Task requirements:
Give back the whole listing verbatim, printing none of its pictures.

Source data:
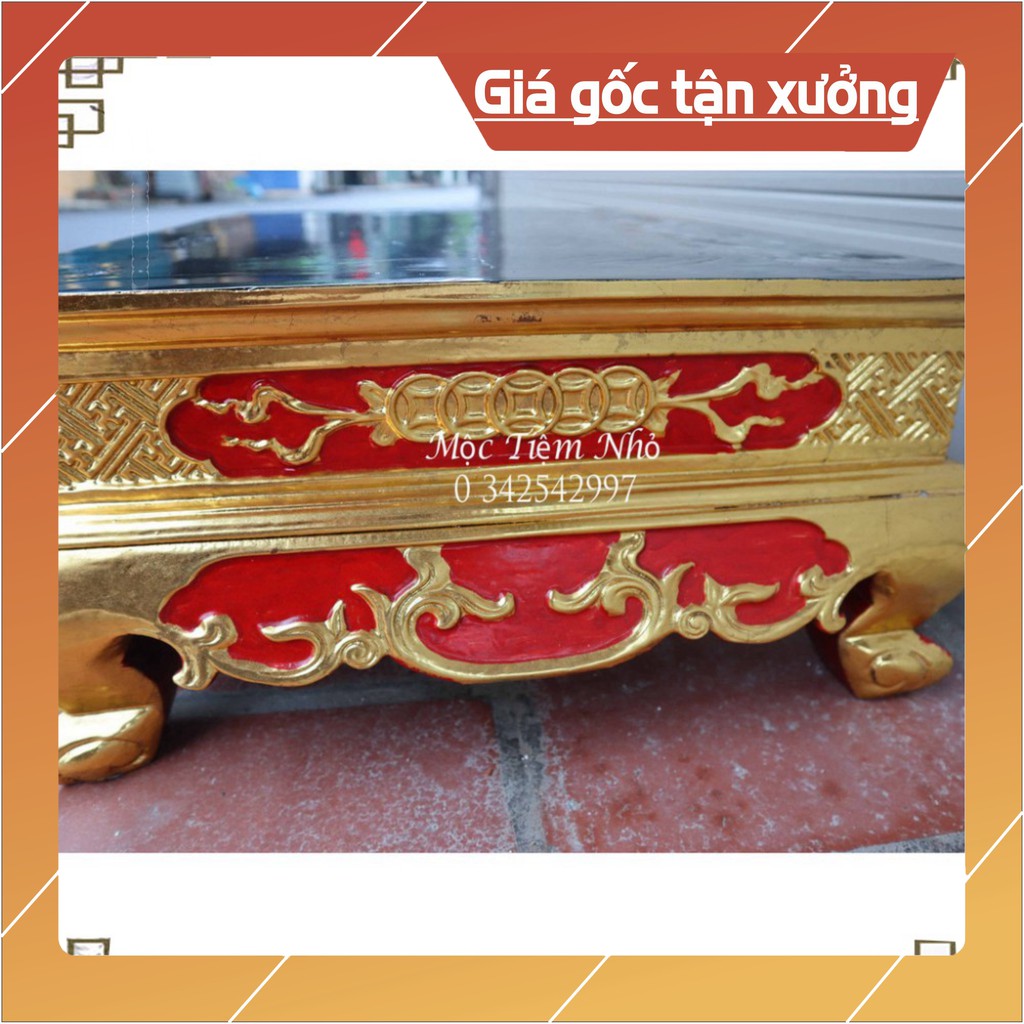 GIÁ GỐC  Bàn mâm xà kê đồ thờ cúng sơn son thếp vàng gỗ mít cao 23cm mặt to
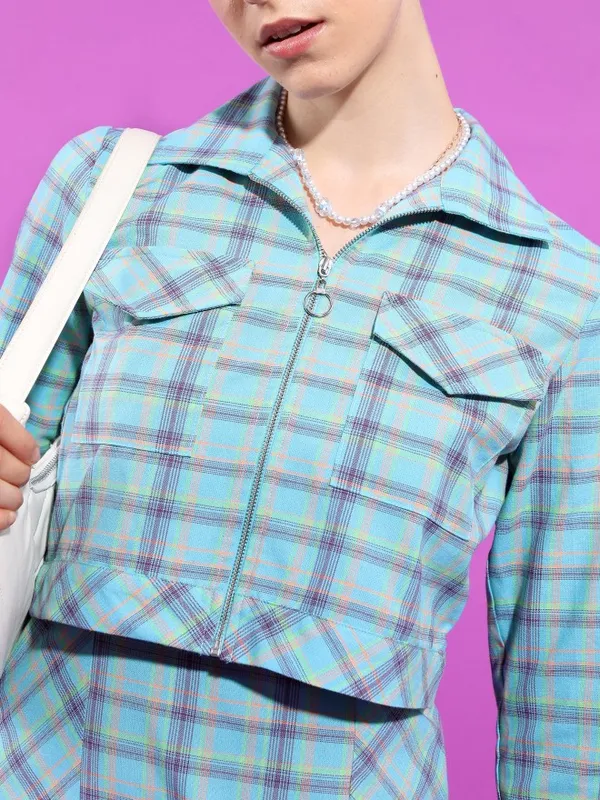 Tokyo Talkies Women Blue Checked Sheath Dress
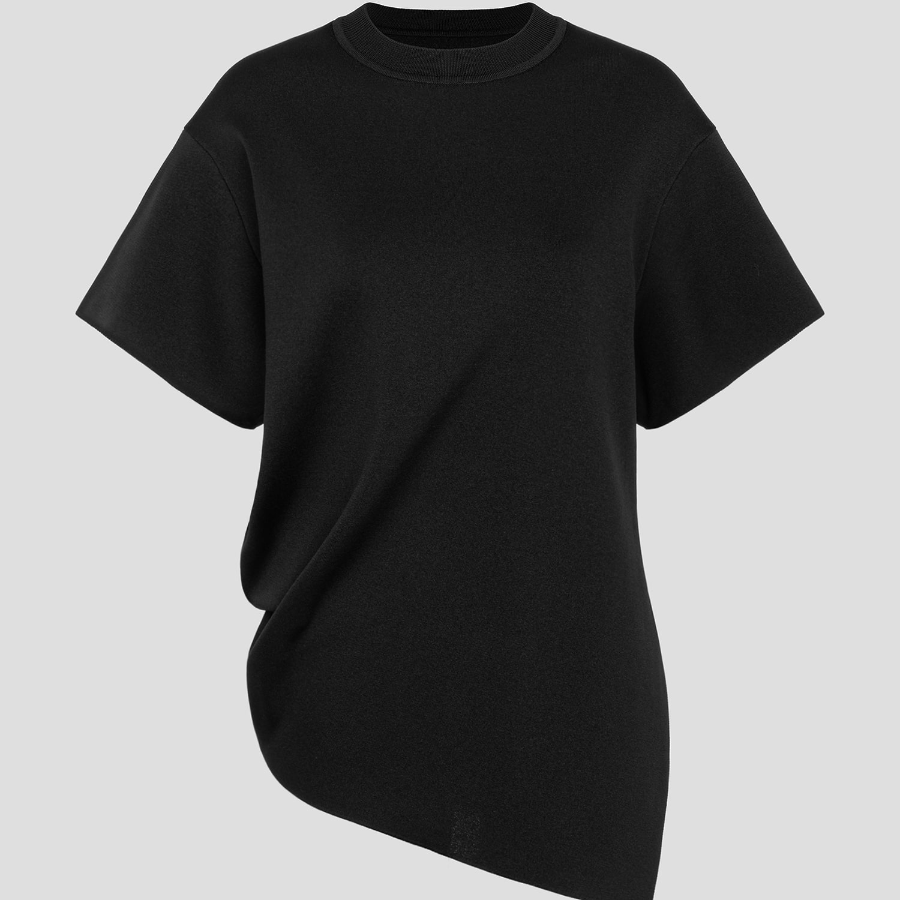 ISSEY MIYAKE Luster Drape Knit Top - Black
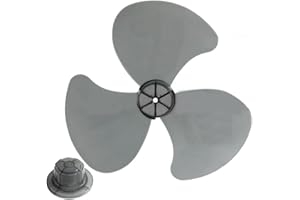 DRHOMEAM Plastic 3 Leaves Fan Blade Replacement for Standing Fan, Table Fanner, Airflow Three Leaves 16 Inch Fan Blade With Nut Cover(black)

Worked solution:
 GIÁ GỐC  Bàn mâm xà kê đồ thờ cúng sơn son thếp vàng gỗ mít cao 23cm mặt to
 Tokyo Talkies Women Blue Checked Sheath Dress
 ISSEY MIYAKE Luster Drape Knit Top - Black
 DRHOMEAM Plastic 3 Leaves Fan Blade Replacement for Standing Fan, Table Fanner, Airflow Three Leaves 16 Inch Fan Blade With Nut Cover(black)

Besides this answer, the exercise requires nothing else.